- _Task requirements_
Range to copy from the entries below: the line containing "5/32 X 9/16" through the line containing "Willow-Wind [The Lord", inclusive. Retype only those lines, exactly, without any images.

- _Records to process_

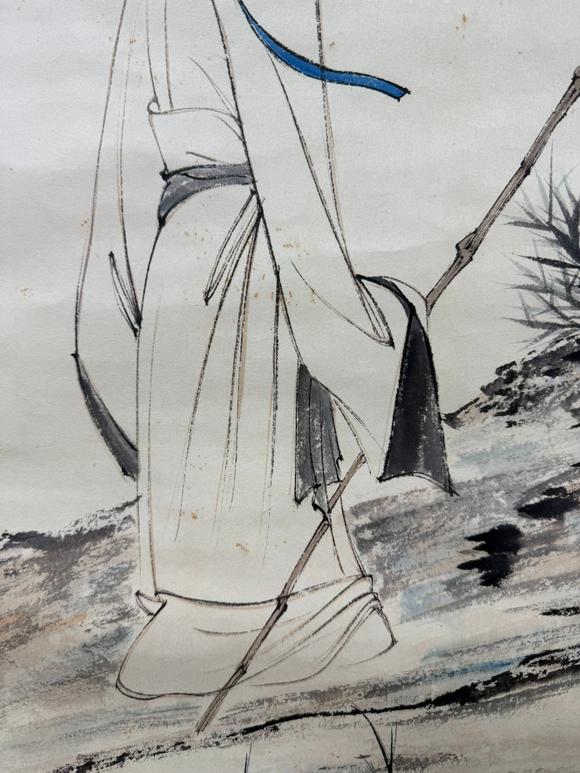 北京寶蘊(yùn)張大千 高士圖 
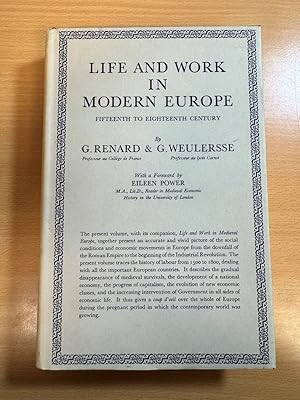 Seller image for Life and Work in Modern Europe Fifteenth to Eighteenth Century for sale by Quality Books UK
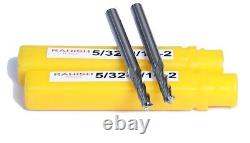 5/32 X 9/16 X 2 Carbide End Mill, 4 Flutes for Drilling set of 4 Pcs Bits USA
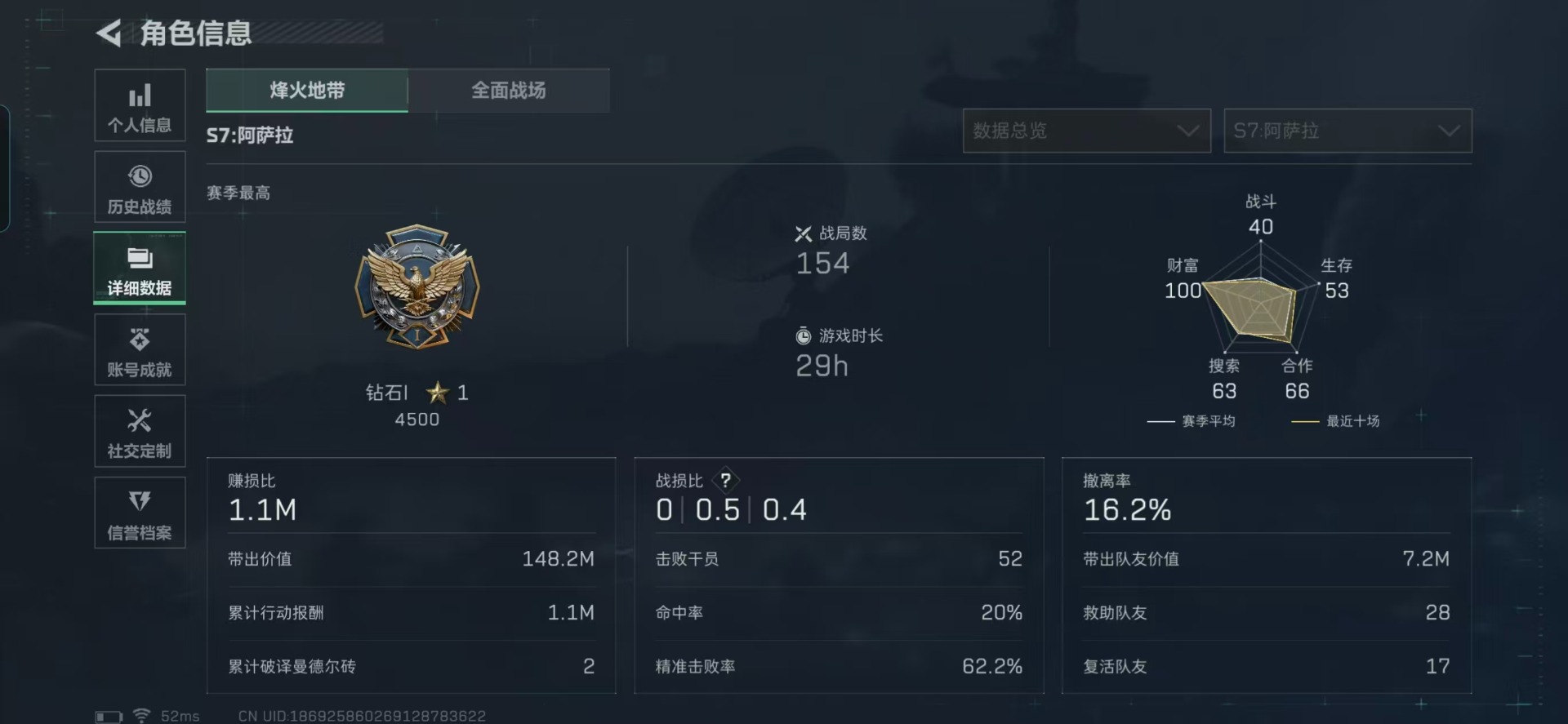 SJZQM3100582三角洲行动账号详情图24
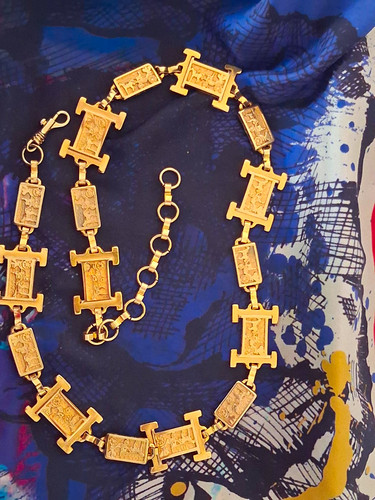 Vintage dam paris gold - dam,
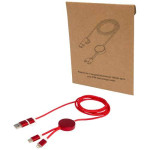 Obrázek Červený rychlonabíjecí 27W kabel 5v1 150 cm,hliník
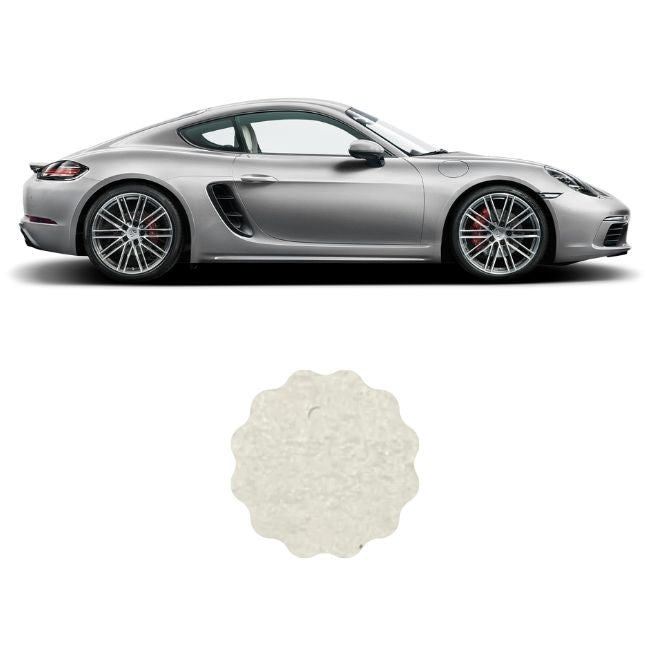 Material de tela de reparación de techo de gamuza elástica compatible con Porsche Cayman y Cayman S
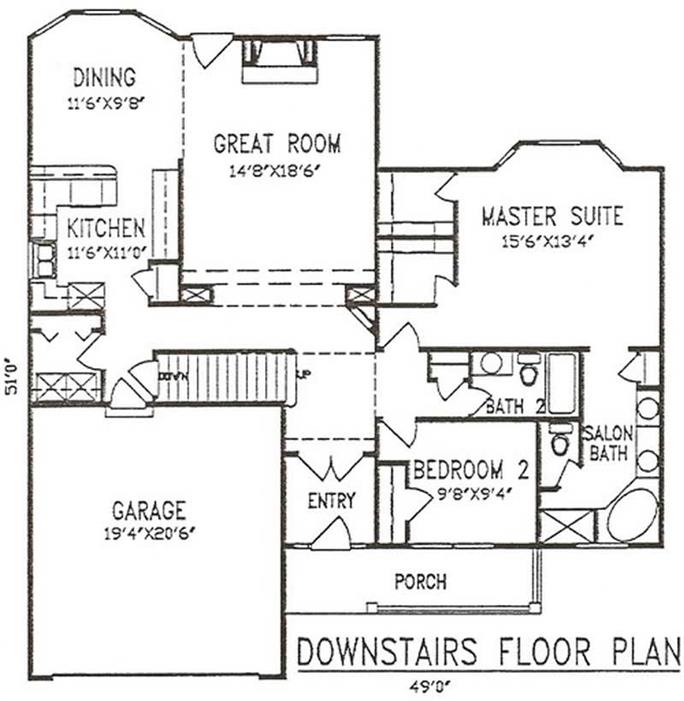 Country House Plan - 4 Bedrms, 4 Baths - 2112 Sq Ft - #147-1056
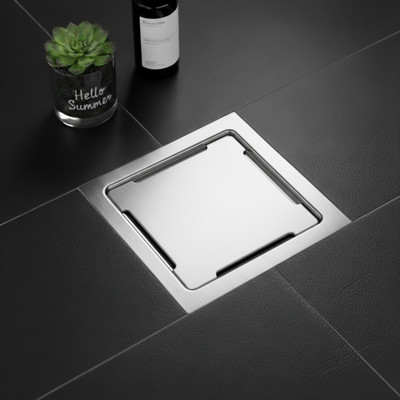 Fossa Floor Stainless Steel Push Down Strainer(12.7 cm Set of 1)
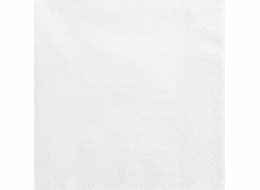 STRANY DECO PAPER NAPKINS, WHITE, 33x33 cm., 20 Universal PCS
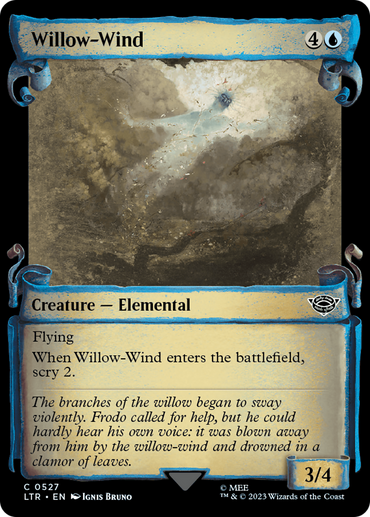 Willow-Wind [The Lord of the Rings: Tales of Middle-Earth Showcase Scrolls]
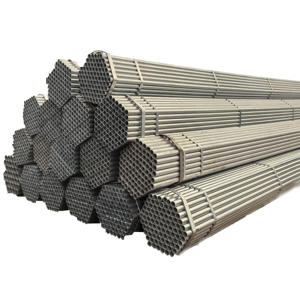 Tubería de <span class=keywords><strong>Alcantarilla</strong></span> Metálica Galvanizada por Inmersión en Caliente, Precio de Fábrica China, 4 Pulgadas, 2 Pulgadas, Q235, Q195, Tubería de Acero Galvanizado - Product Image 1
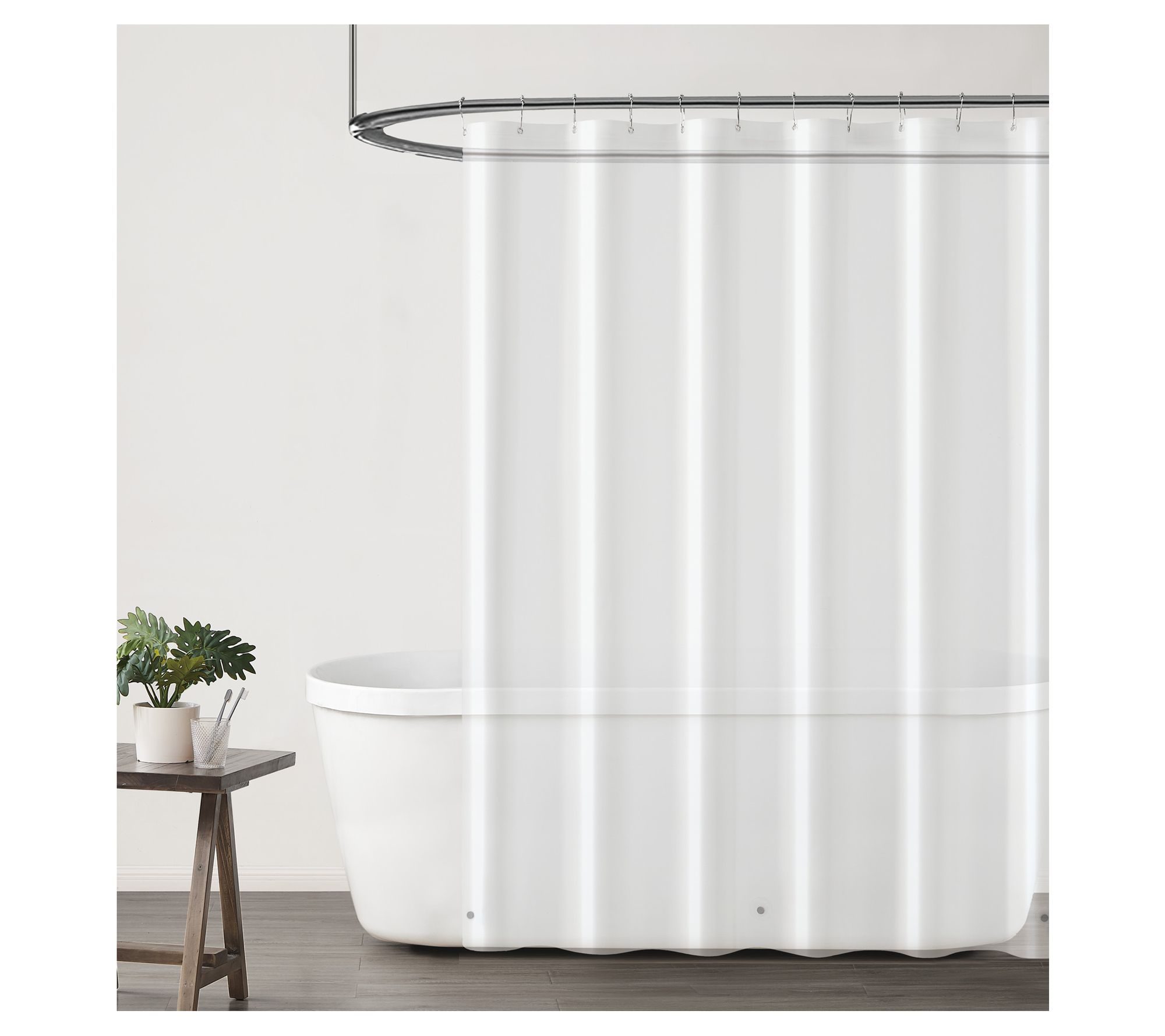 Truly Calm Embossed Fabric 70x72 Shower Liner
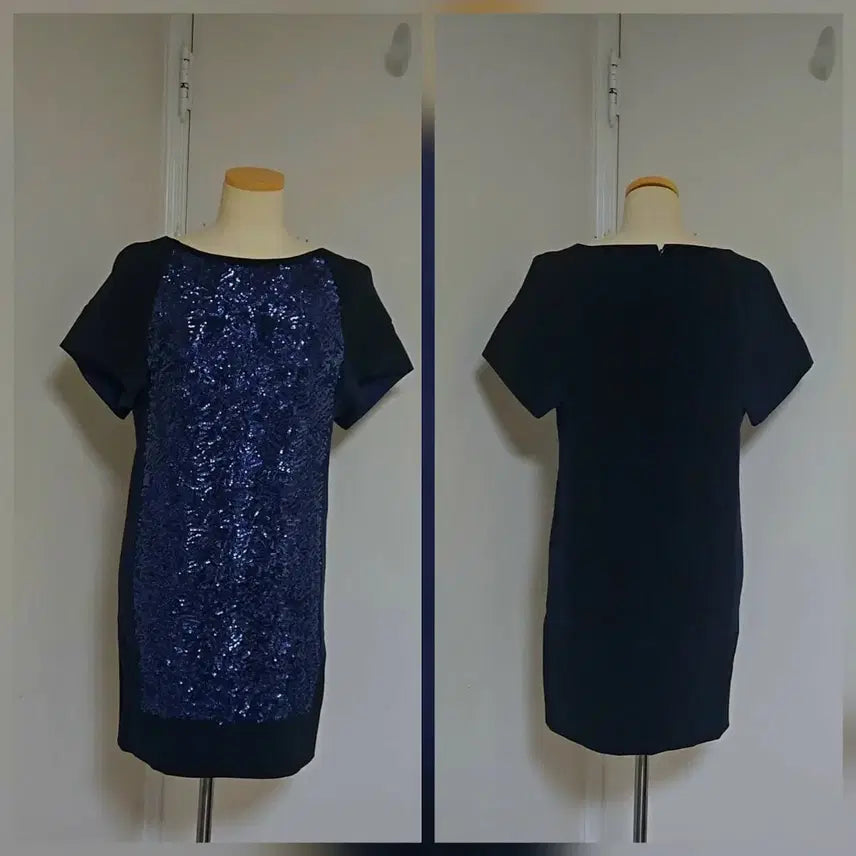 [BUNJANG] Sequined Loose Fit Dress / 미사용 새상품/오브제/시퀸 원피스/1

- _Response area_
 5/32 X 9/16 X 2 Carbide End Mill, 4 Flutes for Drilling set of 4 Pcs Bits USA
 SJZQM3100582三角洲行动账号详情图24
 Vintage dam paris gold - dam,
 Obrázek Červený rychlonabíjecí 27W kabel 5v1 150 cm,hliník
 Material de tela de reparación de techo de gamuza elástica compatible con Porsche Cayman y Cayman S
 Country House Plan - 4 Bedrms, 4 Baths - 2112 Sq Ft - #147-1056
 Fossa Floor Stainless Steel Push Down Strainer(12.7 cm Set of 1)
 STRANY DECO PAPER NAPKINS, WHITE, 33x33 cm., 20 Universal PCS
 Willow-Wind [The Lord of the Rings: Tales of Middle-Earth Showcase Scrolls]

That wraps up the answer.